The New York Times Sheds New Light on the Lisa Miller Kidnapping Case

New York Times reporter Erik Eckholm has a big front-page story in Sunday’s paper on a case that readers of RWW are familiar with: the disappearance of Lisa Miller. Eckholm traveled to Nicaragua to talk with the Mennonite communities that have helped harbor Miller and her daughter Isabella on their flight from United States law enforcement and from Isabella’s other legal parent, Miller’s former partner Janet Jenkins of Vermont. Miller, who kidnapped her daughter rather than allow her to have visitation rights with Jenkins, has become a cause celebre among the Religious Right, a supposed victim of anti-Christian persecution.

Eckholm supplies us with an illuminating and creepy anecdote about a family of hamsters left to die in Miller’s abandoned house, and casts some light on the thinking of those who helped harbor Miller in Nicaragua. But there’s one important piece of the puzzle that remains a mystery: did Miller’s attorneys at Liberty University have anything to do with Miller’s disappearance? LU Law School dean Mat Staver tells Eckholm that he was surprised as anyone when Miller disappeared, as he has since it first became known.

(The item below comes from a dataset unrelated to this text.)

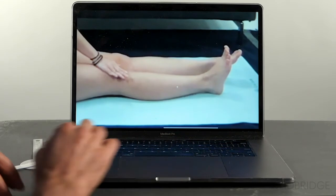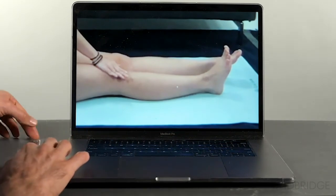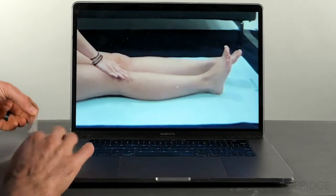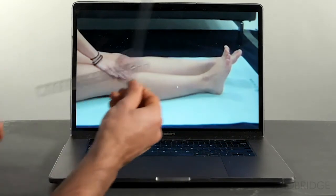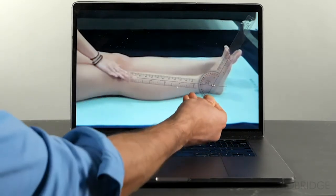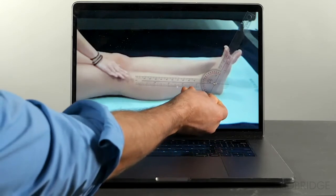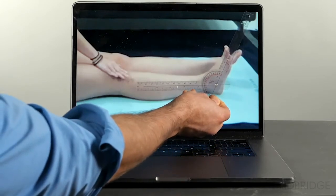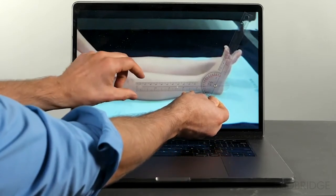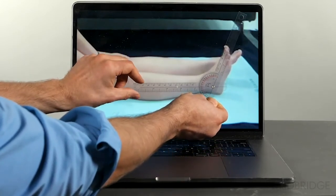I'm going to go in and take my goniometer, line up my landmarks, and this now allows me to measure her ankle dorsiflexion range of motion.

But Liberty University’s relationship with Miller has always been a little complicated. Rena Lindevaldsen, an LU Law School dean and Miller’s attorney before she disappeared, has now written a book arguing Miller’s case. And even before Miller kidnapped with Isabella, Lindevaldsen and Staver were teaching Miller’s case as an example of a situation where the demands of “God’s law” trump those of “man’s law.” Religion Dispatches’ Sarah Posner talked with several students who had taken a required class from the two deans and got her hands on a copy of an exam that quizzed students on what to do in Lisa Miller’s situation:

Students at Liberty Law School tell RD that in the required Foundations of Law class in the fall of 2008, taught by Miller’s attorneys Mat Staver and Rena Lindevaldsen, they were repeatedly instructed that when faced with a conflict between “God’s law” and “man’s law,” they should resolve that conflict through “civil disobedience.” One student said, “the idea was when you are confronted with a particular situation, for instance, if you have a court order against you that is in violation of what you see as God’s law, essentially… civil disobedience was the answer.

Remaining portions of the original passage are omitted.